No caso em tela, os apelantes alegam que somente houve ofensa ao mercado de capitais norte-americano. No entanto, conforme bem observado pelo juiz singular, o bem jurídico tutelado deste crime repousa na confiança dos investidores de aplicarem seus recursos no mercado de capitais, in verbis:


"O argumento não me convence. Como expus, o bem jurídico protegido é a confiança que os investidores depositam no mercado de capitais. A prática de negociação de valores mobiliários a partir da utilização de informações privilegiadas obtidas em companhias brasileiras, com ações negociadas na bolsa de valores brasileira, evidentemente afeta o mercado de capitais brasileiro.
Aceitar o contrário seria admitir que o investidor brasileiro fizesse o seguinte (e refinado) raciocínio: apesar de eu ter conhecimento dessa prática desleal, não há porque perder a confiança no mercado de capitais. A prática de negociação de valores mobiliários a partir da utilização de informações privilegiadas obtidas em companhias brasileiras, com ações negociadas na bolsa de valores brasileira, evidentemente afeta o mercado de capitais brasileiro.
É evidente que assim não se passa na realidade. O investidor brasileiro que toma conhecimento dessas práticas envolvendo companhias brasileiras, a partir de ordem emanadas do território brasileiro, não importa em que local a negociação ocorra, fica naturalmente mais arredio, mais desconfiado, menos propenso a investir seu dinheiro no mercado de capitais brasileiro. Com isso, perde força uma das mais democráticas formas de financiamento do setor produtivo brasileiro: o mercado de capitais.
O bem jurídico estará ofendido, enfim, pela simples razão de que, com essa prática maléfica, os investidores perdem a confiança no mercado de capitais." (fls. 1105 verso e 1106).

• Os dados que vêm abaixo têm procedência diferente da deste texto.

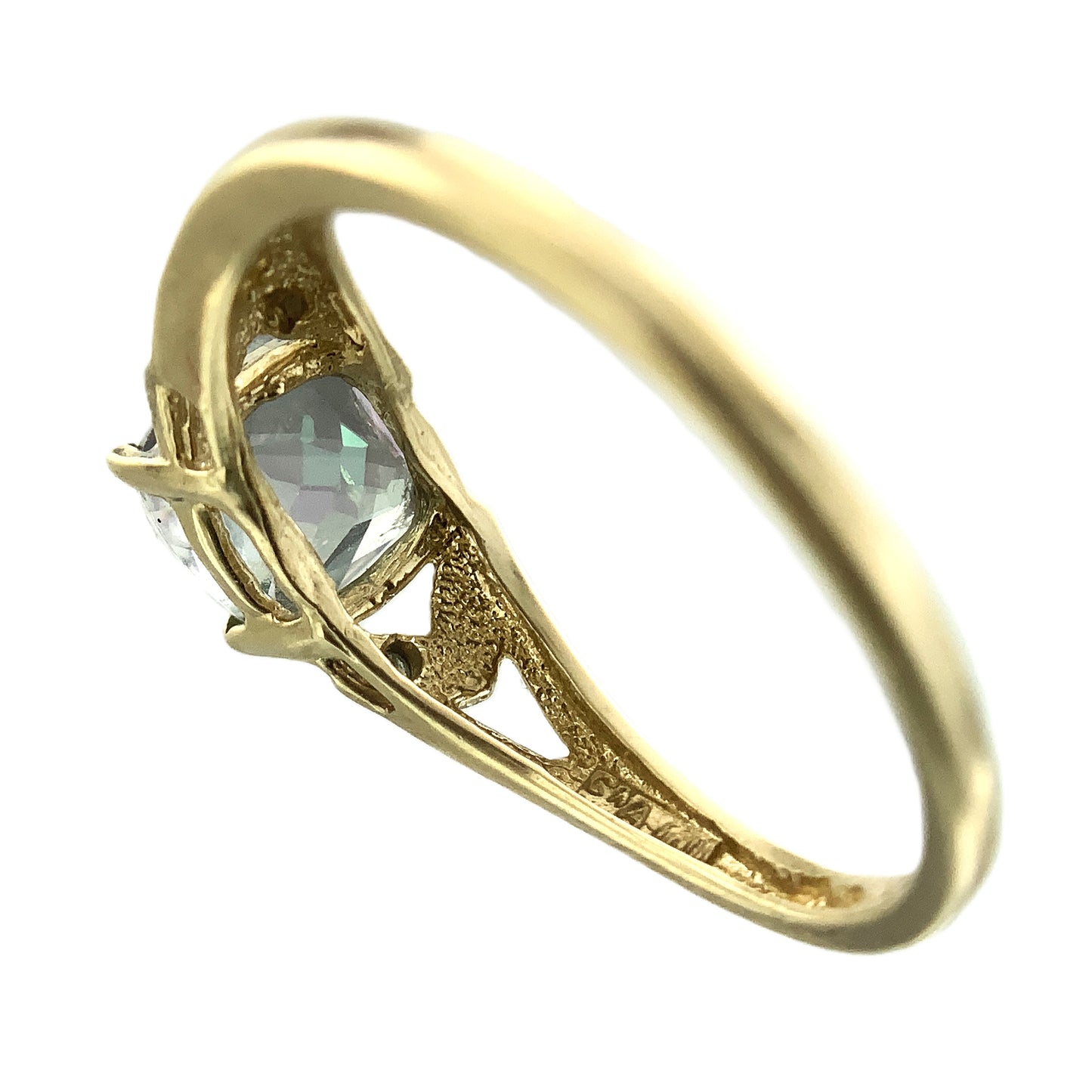10K Yellow Gold Cushion Cut Mystic Topaz and Diamond .02 Total Carats Size 7.75 Ring AU408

Ademais, o mercado de capitais é globalizado, ou seja, há influência de um mercado sobre o outro, conforme bem observado no parecer ministerial. Por isso, independe para o investidor se a aplicação financeira daquela pessoa que detinha a informação privilegiada ocorreu aqui no Brasil ou não, pois o que é crucial para o investidor é a presença da credibilidade para que ocorra o bom funcionamento do mercado de capitais.

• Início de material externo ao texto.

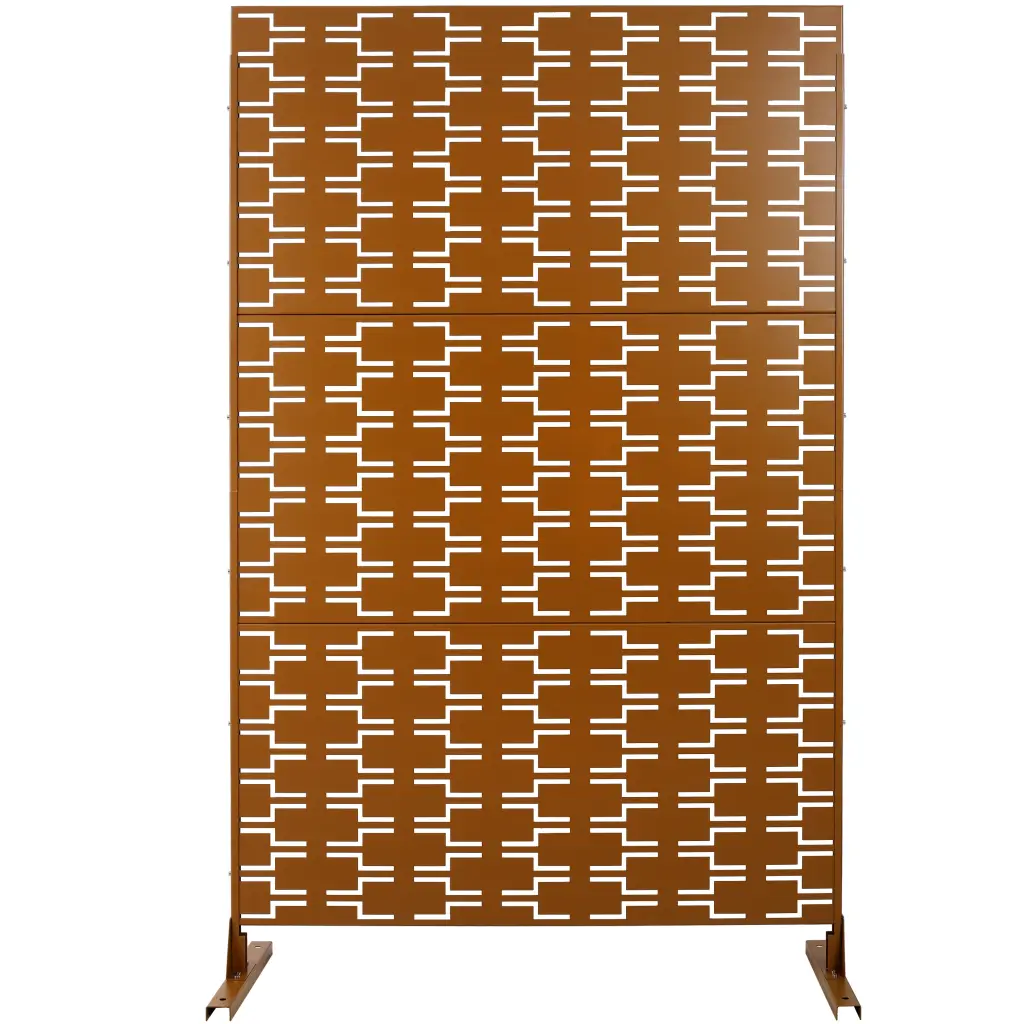 Outdoor & Indoor Metallic Privacy Screen 76 Inch H x 48 Inch W - Freestanding Room Divider g-h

Por fim, há correlação instantânea de preços entre os valores mobiliários negociados da empresa Perdigão tanto no mercado de capitais brasileiros quanto no mercado norte-americano, segundo demonstração feita pela CVM por meio de gráficos (fls. 4/5 do referido procedimento investigatório criminal).

Não há falar em ausência de dolo, pois os apelantes eram ocupantes de funções de alta relevância na empresa, e por óbvio tinham ciência do dever de lealdade e de sigilo das informações em razão dos cargos que ocupavam, bem como não poderiam utilizar de informações privilegiadas para negociar valores mobiliários no mercado de capitais, valendo-se de intermediários estrangeiros com o intuito de ocultar das autoridades brasileiras as operações negociadas no exterior.

Não deve ser acolhida a tese defensiva de Luiz Murat, quanto à possível aplicação ao caso vertente do instituto da suspensão condicional do processo (Lei nº 9.099/95, art. 89), pois, verifico que houve a tipicidade da conduta praticada pelo réu no dia 7 de abril de 2006, de acordo com as provas acima produzidas.

No mais, ante todo o exposto nos autos, restaram comprovadas a autoria e materialidade do crime descrito na denúncia, sendo a condenação dos acusados, medida de inteiro rigor.

Passo, então, à dosimetria das suas penas, à luz do artigo 68 do estatuto repressivo.

Observadas as circunstâncias judiciais previstas no artigo 59 do Código Penal, verifico que os réus são primários e ostentam bons antecedentes (folhas de antecedentes e certidões de fls. 26/27, 30/35, 37/39 e 69 do apenso).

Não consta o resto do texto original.